そんなこんなで高校を卒業する頃にはすっかりミステリファンになっていた僕が人生で初めて書いた推理小説がこの『図書室の悲惨』である。春からの大学進学を控えた忙しい3月、何かに憑りつかれたように一気に書き上げた記憶がある。

今回の新装改訂に当たり二十年前の自分の文章に触れたわけだが、もちろん稚拙さや不慣れは盛り沢山として、やはり今の自分にはもうない感性やエネルギーがたくさんあったのだなと感じた。正直、こんな込み入った物語をよくも勢いだけで書き上げたものだと思う。実はプロットは一切用意せず、ただ思い付くままに書いていき解決編で無理矢理まとめただけ。途中まで誰が犯人でこれからどんな事件が起こるのか作者すら知らなかったわけだ。推理小説の執筆にはあるまじき行為だが、その向こう見ずな姿勢が少しうらやましくもある。

ミステリとしては、暗合・密室・叙述トリックなど当時知り得た知識を総動員していたのが伺える。終盤で探偵が関係者を集めて解説し犯人を指摘するシチュエイションはまさに定番である。

また本作の部隊設定は僕が実際に所属していた高校の図書委員会をそのまま引用している。『大工』と書かれた謎の貸し出しカードも、出入り口が二つある妙な構造の書庫も本当にあった。登場人物の多くも実在している。プロットなしでも筆が進んだのは、きっとよく見知ったモチーフばかりだったからに違いない。

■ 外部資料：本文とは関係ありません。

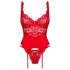 Obsessive Amor Cherris - lingerieset met jarretels - kant - rood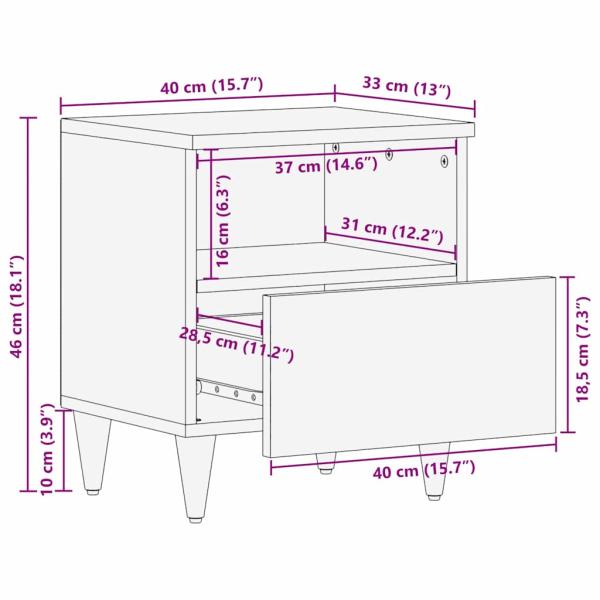 Nachttische mit Schubladen 40 x 33 x 46 cm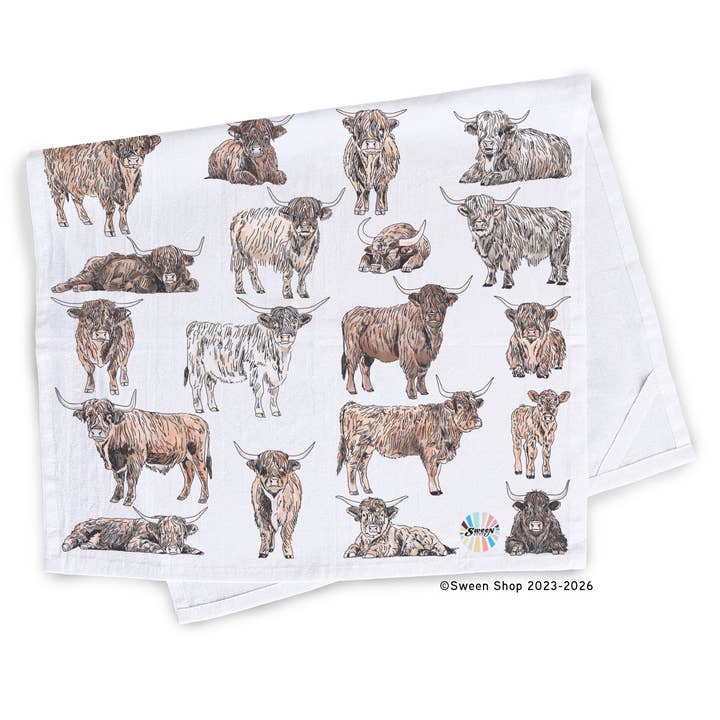 Highland Cow Tea Towel - 100% Premium Cotton Kitchen Towel for wholesale by Sween Shop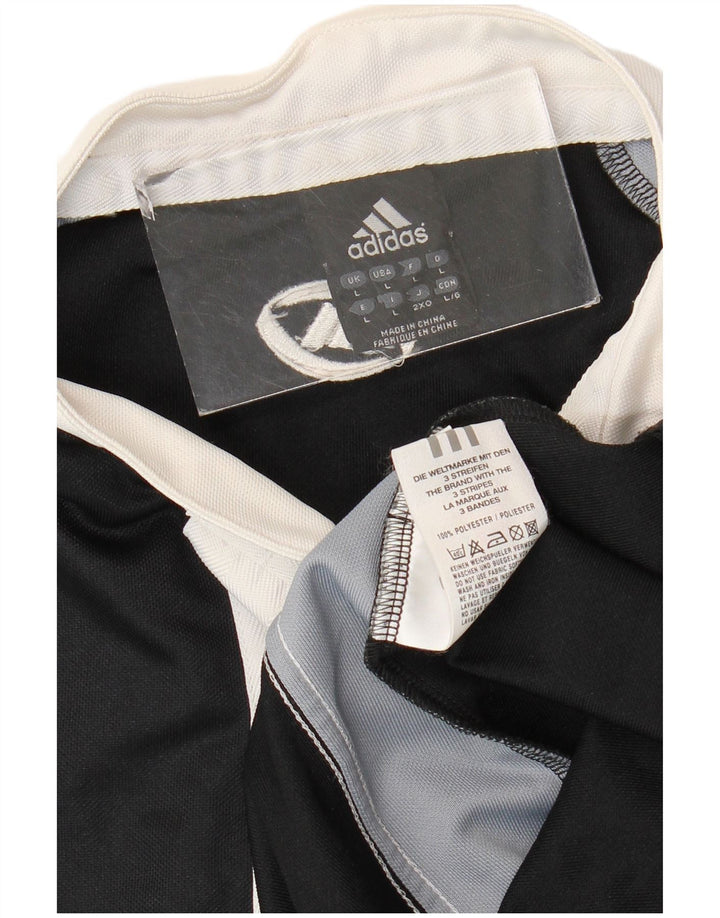 Adidas Polo Shirt til mænd Large Black Colourblock Polyester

今はっきりとわかる。人生初の推理小説の舞台に図書委員会を選んだ理由はただ一つ、そこが自分にとってとても居心地の良い場所だったから。ジャンケンに負けて偶然所属した図書委員会であったが、そこで過ごした時間はかけがえのないものになったから本当に人生は何が伏線になるかわからない。

当時こんな愚かな小説の増刷を快く承諾してくれたばかりかこっそり解説文まで添えてくれた先生、製本を手伝ってくれて笑いながら読んでくれた仲間たちには感謝でいっぱいだ。そのおかげで今もこうやって文章と戯れる楽しみを続けられている。

たまたまそこにあった物、たまたま出会えた仲間たちが素敵な化学反応を起こし、伏線ではなかったものまで伏線になって結実してくれた計算では書けなかったミステリ、それがこの『図書室の悲惨』である。

当時の雰囲気を大切にするために、この度の加筆・訂正はどうしても説明不十分な箇所、矛盾している箇所、表現やリズムがおかしい箇所のみに留めた。ストーリーや設定は一切いじっていない。

携帯電話なんてものはまだ手元になかった時代の物語、そんな青春の息吹を少しでも感じて頂けたら嬉しい。いつかまた沖渡先生を探偵役にした推理小説を書いてみたいものだ。

ではでは、お読み頂き感謝します。